Cato the elder, who would have nothing to do with consulting Chaldeans
or magicians of any sort, asked how it were possible for two such
ministers to meet each other face to face without laughing at their own
duplicity and the ridiculous superstition of the people they deceived.
[Footnote: It had been in early times customary to dismiss a political
gathering if a thunder-storm came up, and the augurs had taken
advantage of the practice to increase their own power by laying down an
occult system of celestial omens which enabled them to bring any such
meeting to a close when the legislation promised to thwart their plans.
They finally reached the absurd extreme of enacting a law, by the terms
of which a popular assembly was obliged to disperse, if it should occur
to a higher magistrate merely to look into the heavens for signs of the
approach of such a storm. The power of the priests under such a law was
immeasurable. (See pages 236 and 247). ] Cato was very much shocked by
the preaching of three Greek philosophers: Diogenes, a stoic;
Critolaus, a peripatetic; and Carneades, an academic, who visited Rome
on a political mission, B.C. 155; because it seemed to him that they,
especially the last, preached a doctrine that confounded justice and
injustice, a system of expediency, and he urged successfully that they
should have a polite permission to depart with all speed.
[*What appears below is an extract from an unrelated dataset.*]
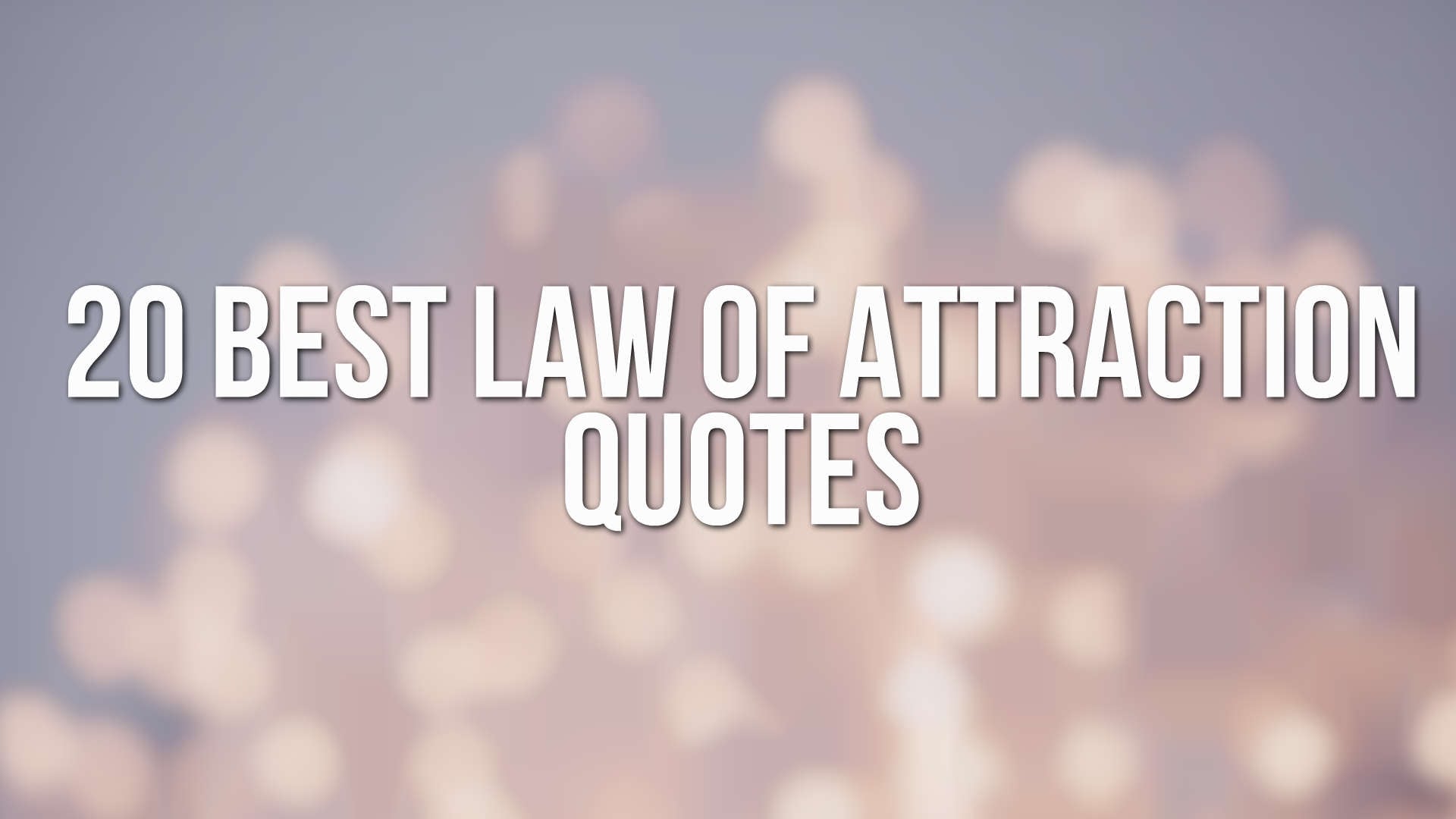 Money Law Of Attraction Quotes Hd - 1920x1080 Wallpaper 
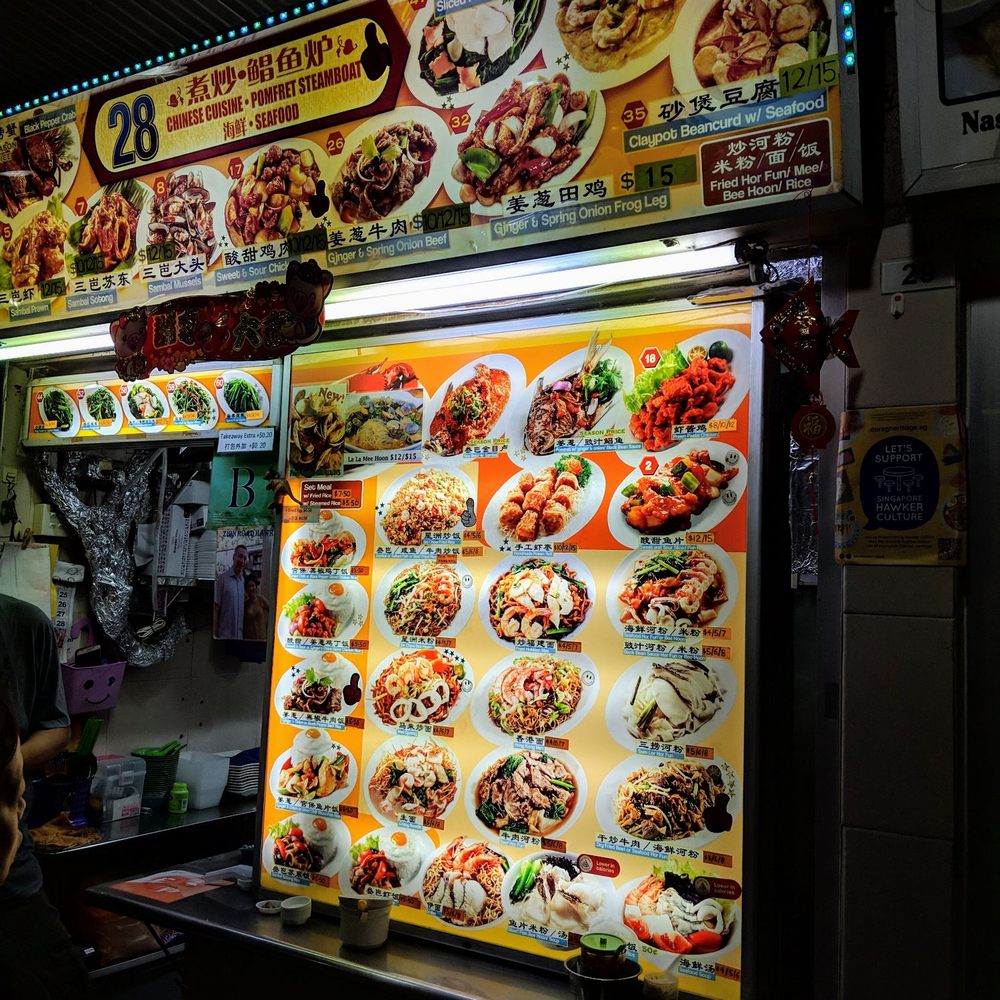 The Best 10 Hawker Centre near Orchard Road in Singapore Yelp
The
philosophers were dismissed, but it was impossible to restrain the
Roman youth who had listened to the addresses of the strangers with an
avidity all the greater because their utterances had been found
scandalous, and they went to Athens, or Rhodes, to hear more of the
same doctrine.
Thus in time the simplicity of the people was completely undermined,
and while they became more cosmopolitan they also grew more lax. They
used the Greek language, and employed Greek writers, as we have seen,
to make their books for them, which, though bearing Greek titles, were
composed in Latin. The public men performed in the forenoon their civil
and religious acts; took their siestas in the middle of the day;
exercised in the Campus Martius, swimming, wrestling, and fencing, in
the afternoon; enjoyed the delicacies of the table later, listening to
singing and buffoonery the while, and were thus prepared to seek their
beds when the sun went down. At the bath, which came to be the polite
resort of pleasure-seekers, all was holiday; the toga and the foot-
coverings were exchanged for a light Greek dressing-gown, and the time
was whiled away in gossip, idle talk, lounging, many dippings into the
flowing waters, and music. Pleasure became the business of life, and
morality was relaxed to a frightful extent.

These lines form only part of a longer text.